Type out the complete listing below word for word, without its pictures.

## Dataset extract:

*** Block opens ***

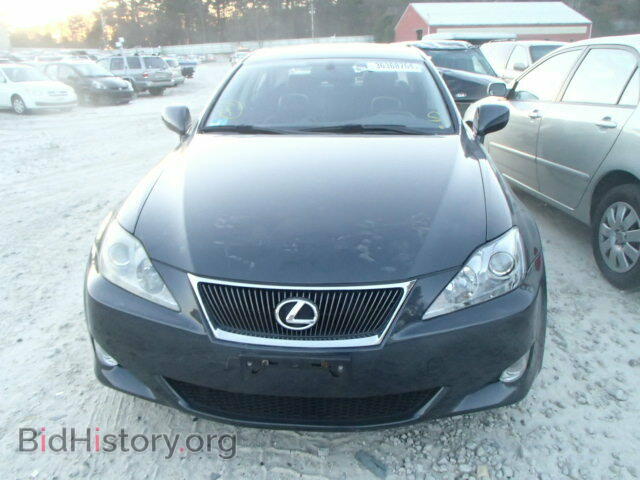 2006 LEXUS IS250 - VIN: JTHCK262062008090 - Фото 9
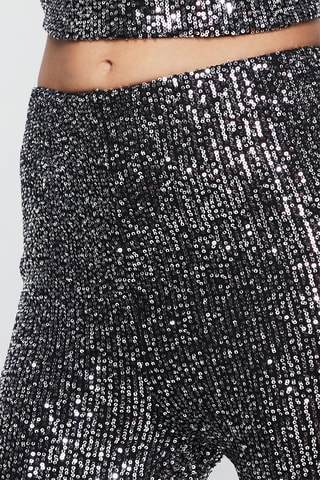 Pantalon Perla - Noir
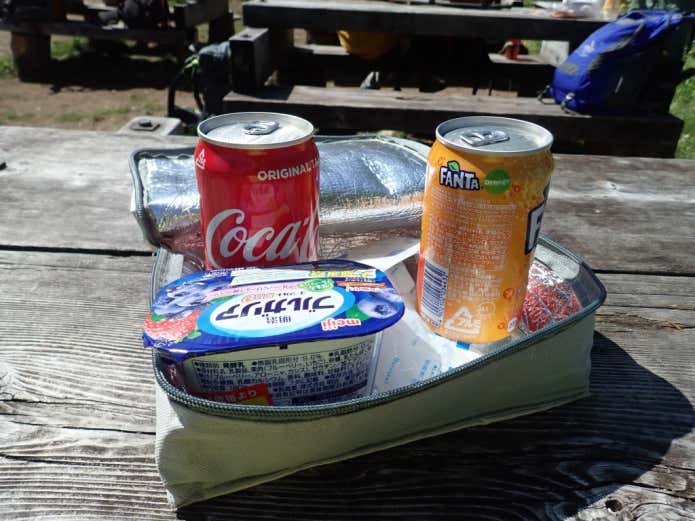 保冷バック 保冷剤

*** Block closes ***

## Exercise result:
 2006 LEXUS IS250 - VIN: JTHCK262062008090 - Фото 9
 Pantalon Perla - Noir
 保冷バック 保冷剤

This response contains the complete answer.